Great Lakes Compact Passes the U.S. House; More Protections Sought

WATCH THIS CRAP! Water is Life-& the Great Lakes are probably the largest fresh-water reserve on Earth. Monied interests have been licking their lips over the Great Lakes Ecosystems for years now-from bottled-water outfits to utilities in arid climates.

ASW

FOR IMMEDIATE RELEASE
September 24, 2008 6:01 PM

CONTACT: Food and Water Watch
Jon Keesecker or Kate Fried, Food & Water Watch (202) 683-2500
Great Lakes Compact Passes the U.S. House, International Coalition of Water Advocates Calls for Additional Protections for Great Lakes

WASHINGTON – September 24 – On Tuesday, the U.S. House passed the Great Lakes Compact, which aims to ban diversion of Great Lakes water. Hailed as a landmark conservation bill by many, the Compact will ultimately fail to stop corporations from withdrawing and selling water as a commodity. Despite efforts launched by an international coalition lead by Food & Water Watch and the Council of Canadians to ensure a more comprehensive agreement, the Great Lakes Compact passed the U.S. House yesterday by a vote of 390 to 25.

An agreement between the 8 states of the Great Lakes Basin, the Compact lays out guidelines for taking water from major supplies in that area for use by large-scale projects and private enterprise. Yet many of the exceptions outlined in the Compact are bad for consumers and the environment.

“The Compact could have been a great step forward to protect the Great Lakes,” said Wenonah Hauter, executive director of Food & Water Watch. “However, there are serious concerns with the exceptions laid out in the Compact, such as those allowing the packaging and sale of Great Lakes water as a ‘product’ for private gain and explicitly exempting bottled water. Furthermore, the Compact fails to incorporate the Public Trust doctrine that protects Great Lakes basin waters from private export and sale and protects these waters from claims to the water as a product under international trade laws.”
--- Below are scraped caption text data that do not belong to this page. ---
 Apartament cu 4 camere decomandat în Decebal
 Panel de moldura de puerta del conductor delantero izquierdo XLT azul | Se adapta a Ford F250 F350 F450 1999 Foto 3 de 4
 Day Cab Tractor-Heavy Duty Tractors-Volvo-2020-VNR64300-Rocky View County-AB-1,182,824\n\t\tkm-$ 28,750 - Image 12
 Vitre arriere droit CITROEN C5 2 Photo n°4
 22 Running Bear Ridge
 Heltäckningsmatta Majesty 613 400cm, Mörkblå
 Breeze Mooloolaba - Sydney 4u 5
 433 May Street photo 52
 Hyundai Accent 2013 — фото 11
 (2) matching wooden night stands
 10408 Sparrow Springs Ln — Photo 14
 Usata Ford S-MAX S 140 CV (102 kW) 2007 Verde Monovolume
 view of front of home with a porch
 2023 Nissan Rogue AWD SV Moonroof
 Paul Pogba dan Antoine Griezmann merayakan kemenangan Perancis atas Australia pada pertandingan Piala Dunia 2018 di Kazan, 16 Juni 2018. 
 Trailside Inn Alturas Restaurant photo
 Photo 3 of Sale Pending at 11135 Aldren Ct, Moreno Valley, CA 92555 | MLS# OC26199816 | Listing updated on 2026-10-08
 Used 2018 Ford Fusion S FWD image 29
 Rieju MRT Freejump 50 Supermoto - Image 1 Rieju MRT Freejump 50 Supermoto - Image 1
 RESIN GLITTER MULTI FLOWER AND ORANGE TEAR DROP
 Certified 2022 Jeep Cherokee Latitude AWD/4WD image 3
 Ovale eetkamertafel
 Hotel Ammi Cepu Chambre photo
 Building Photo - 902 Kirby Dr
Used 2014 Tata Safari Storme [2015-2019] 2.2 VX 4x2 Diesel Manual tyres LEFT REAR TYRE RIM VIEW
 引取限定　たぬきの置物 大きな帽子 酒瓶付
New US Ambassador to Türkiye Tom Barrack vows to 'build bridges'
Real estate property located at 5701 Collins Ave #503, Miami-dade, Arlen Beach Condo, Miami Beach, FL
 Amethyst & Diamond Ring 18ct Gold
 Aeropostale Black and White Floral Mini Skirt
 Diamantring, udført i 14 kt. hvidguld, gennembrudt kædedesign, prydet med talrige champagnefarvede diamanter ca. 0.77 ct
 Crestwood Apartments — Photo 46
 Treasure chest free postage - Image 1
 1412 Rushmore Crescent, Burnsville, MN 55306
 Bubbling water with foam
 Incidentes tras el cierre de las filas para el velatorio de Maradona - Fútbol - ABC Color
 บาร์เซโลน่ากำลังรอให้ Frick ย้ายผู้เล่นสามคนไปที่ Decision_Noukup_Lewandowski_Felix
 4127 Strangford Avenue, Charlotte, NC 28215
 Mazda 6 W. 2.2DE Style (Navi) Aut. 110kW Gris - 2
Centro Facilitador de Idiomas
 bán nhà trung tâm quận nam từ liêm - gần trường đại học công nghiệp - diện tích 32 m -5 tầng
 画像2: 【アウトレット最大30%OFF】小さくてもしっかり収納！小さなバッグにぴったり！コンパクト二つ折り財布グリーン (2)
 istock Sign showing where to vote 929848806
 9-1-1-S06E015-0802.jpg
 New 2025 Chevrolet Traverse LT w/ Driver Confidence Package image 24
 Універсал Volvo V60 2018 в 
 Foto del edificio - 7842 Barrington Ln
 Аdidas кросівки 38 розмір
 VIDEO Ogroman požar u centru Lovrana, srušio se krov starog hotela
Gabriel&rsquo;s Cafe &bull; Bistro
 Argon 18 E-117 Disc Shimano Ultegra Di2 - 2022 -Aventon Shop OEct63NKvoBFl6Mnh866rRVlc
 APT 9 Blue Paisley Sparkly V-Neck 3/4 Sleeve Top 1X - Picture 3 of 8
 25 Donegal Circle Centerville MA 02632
The Public Trust doctrine affirms that water is a public resource that must be managed by the state governments in trust for the benefit of citizens, yet it was omitted from the Compact despite calls from citizens to include it. “This is a very important concept,” said Maude Barlow, founder of the Council of Canadians and renowned activist, “The doctrine was born out of the recognition that publicly owned natural resources are essential to meet the basic needs of all citizens and communities, regardless of economic status.”

While the Compact aims to ban large-scale diversions from the Great Lakes, it excludes water in containers smaller than 5.7 gallons and “water as a product in any size container” from that ban, leaving it vulnerable to packaging by commercial interests. “As long as the water is considered a product, it establishes a precedent that water can be grabbed by profit-hungry corporations who want to claim it is a product not subject to the Compact,” said Hauter. “This undermines the very purpose of the Compact and creates a dangerous precedent for exporting water in the U.S., in this instance from the largest body of freshwater in North America. The diversion ban is historic, but it is undermined by the product exemption and therefore further action is needed to protect Michigan’s water.”

Representative Bart Stupak of Michigan and Representative Dennis Kucinich of Ohio have led the effort in Congress to close the Compact’s loopholes. Representative Kucinich introduced H.R. 6814 in August, which would amend the 1986 Water Resources Development Act in order to strengthen its public trust doctrine and limit the withdrawal of Great Lakes water for sale.